This one is about bridges
One year ago, pretty much to the minute (6:14 p.m.), I hit gridlock on Interstate 35W northbound, just south of the Washington Avenue/3rd Street exit. Cars were turning around on the freeway, jumping the curb, and hastily taking that exit. It didn't take long to figure out something was horribly wrong, and a quick cell phone call brought the sketchy details. Part of a bridge had collapsed--the bridge I was intending to cross.
The bottom line for me: Had I been about 9 minutes earlier, I'd have been on that bridge. And maybe in the water. And maybe dead.
I drove first to the 5th Street pedestrian bridge, then the old No. 9 railroad bridge, to take pictures of the chaos. It never occurred to me to race to the water and try to offer my assistance, like it did to the many heroes that evening. To them I offer my admiration; I think many more lives would have been lost without their help.

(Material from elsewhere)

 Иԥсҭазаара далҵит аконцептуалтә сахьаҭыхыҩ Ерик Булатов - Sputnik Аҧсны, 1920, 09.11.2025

I just attended the ceremony at Gold Medal Park prior to the procession to the Stone Arch Bridge for the memorial at 6:00 and the moment of silence at 6:05. That scene from a year ago sticks in my mind, clearer than the pictures I took that evening and the next day. And I imagine the images are intense beyond my imagination for those who survived and those who helped them. My thoughts and prayers go out to you. God bless.